- Cover of The Spire #1, showing Shå

Publication information
- Publisher: Boom! Studios
- Format: Limited series
- Genre: Fantasy, mystery;
- No. of issues: 8

Creative team
- Written by: Simon Spurrier
- Artist: Jeff Stokely
- Letterer: Steve Wands
- Colorist: André May

= The Spire (comics) =

The Spire is an American weird fantasy / mystery comics series written by Simon Spurrier and drawn by Jeff Stokely. The eight-issue limited series has been published since 2015 by Boom! Studios. The series was nominated for an Eisner Award in 2016 for “Best Limited Series”.

It is set in the titular Spire, a vast city in the middle of a deadly wasteland, locked in war with religious zealots and riven by the tension between its rulers and the underclass of "Sculpted", humans who have been hybridized with nonhuman biology. The protagonist is Shå, the city's captain of police, who investigates a series of murders of aristocrats at a time when a new Baroness is crowned and the city's internal and external conflicts are about to come to a head.

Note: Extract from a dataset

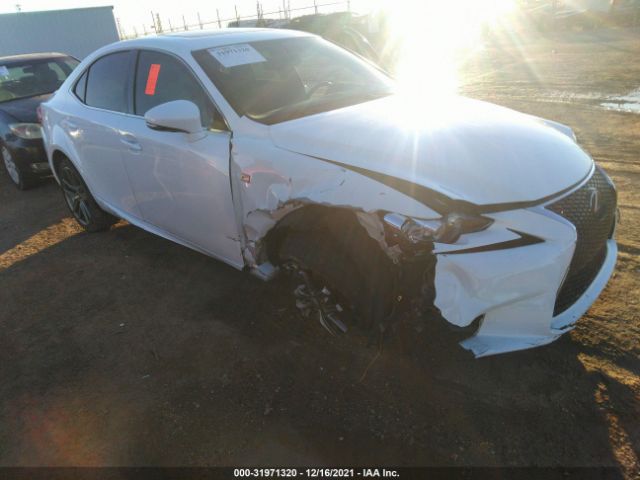 LEXUS IS 200T 2016 jthba1d21g5020549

Spurrier described the recipe for the series as "one part 'Mad Max,' one part 'Bladerunner,' one part 'Dark Crystal,' one part nutfuck insanity". Paste Magazine characterized the "beguiling" comic as inspired by China Miéville's Bas-Lag and Jeff VanderMeer's Ambergris in creating a world where "the fantastical aspects don’t mitigate the worst aspects of human nature".